Hill District residents have long griped about the Penguins profiting from turning the Lower Hill into a huge parking lot. Before the arena was built in the early 1960s, the area was home to businesses and housing developments. Today, residents argue, the area is essentially a glorified vacant lot serving hockey fans and concert-goers who don't live in the Hill.
With Mellon Arena destined for demolition, Redwood says the Penguins' parking profits are bound to increase in the near future. It will be a while before the 49-year-old landmark's fate is known -- on Nov. 23, the arena was nominated for designation as a city historic structure. But if it's knocked down, hundreds more parking spaces are likely to be added before the team begins developing the 28-acre site.
But for Hill District residents, Redwood says, enough is enough.
"Parking is the main business in the Lower Hill right now," Redwood laments. "But [the neighborhood] doesn't get the revenue."
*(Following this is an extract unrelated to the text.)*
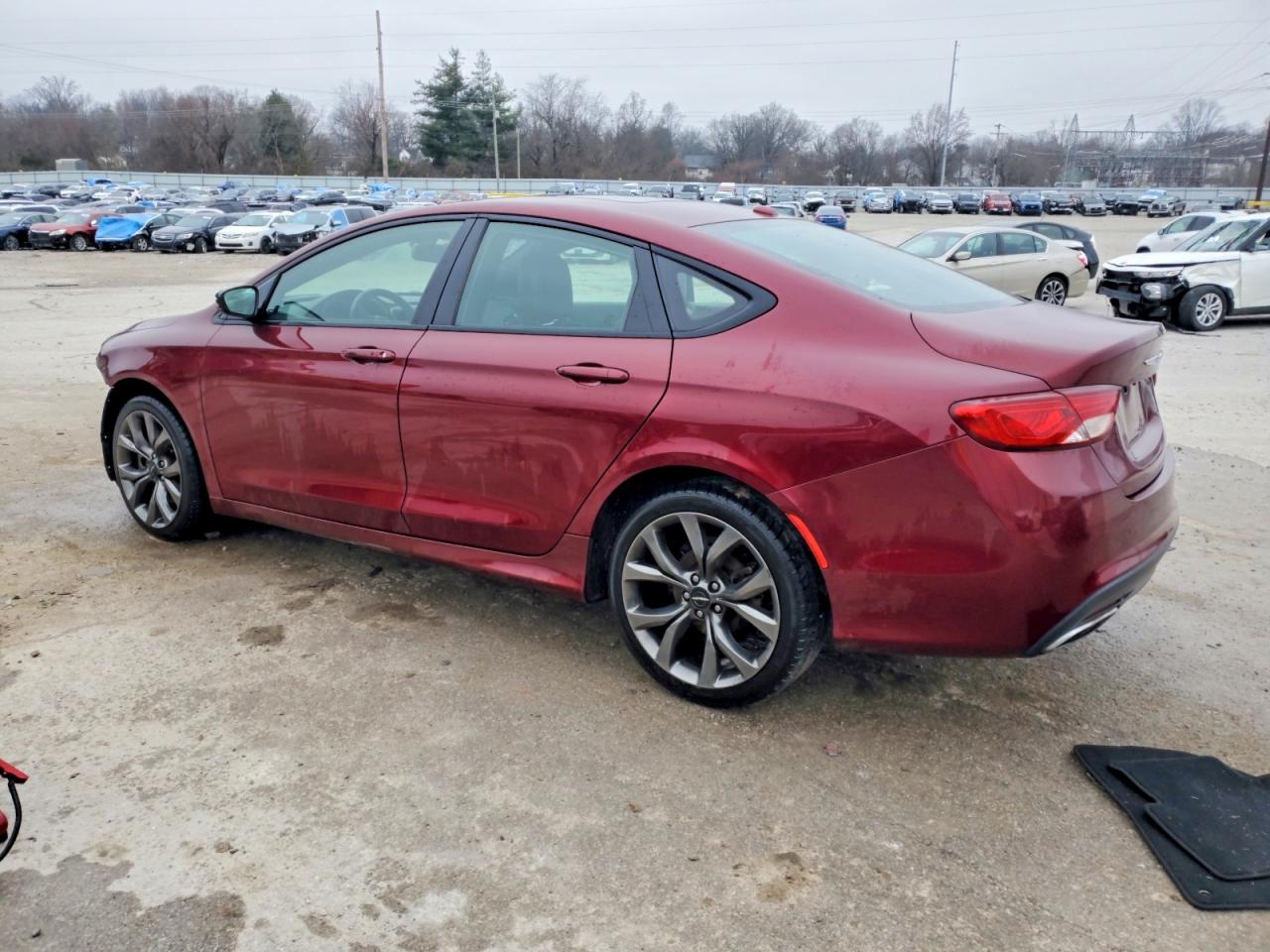 2016 CHRYSLER 200 S photo 2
And the Hill, he says, could surely use it. For instance, Redwood says the Hill needs security cameras installed on Centre Avenue to help stop open drug-trafficking that has plagued the street.
While the $1-per-car proposal has been raised at recent hearings before the Sports & Exhibition Authority, which owns Mellon Arena, Redwood says the Consensus Group has yet to sit down with the Penguins and government officials to formally discuss the creation of a community fund. But he hopes negotiations will begin soon.
Penguins spokesperson Tom McMillan did not return multiple phone messages seeking comment. Mary Conturo, executive director of the SEA, declined comment, referring questions to the Penguins.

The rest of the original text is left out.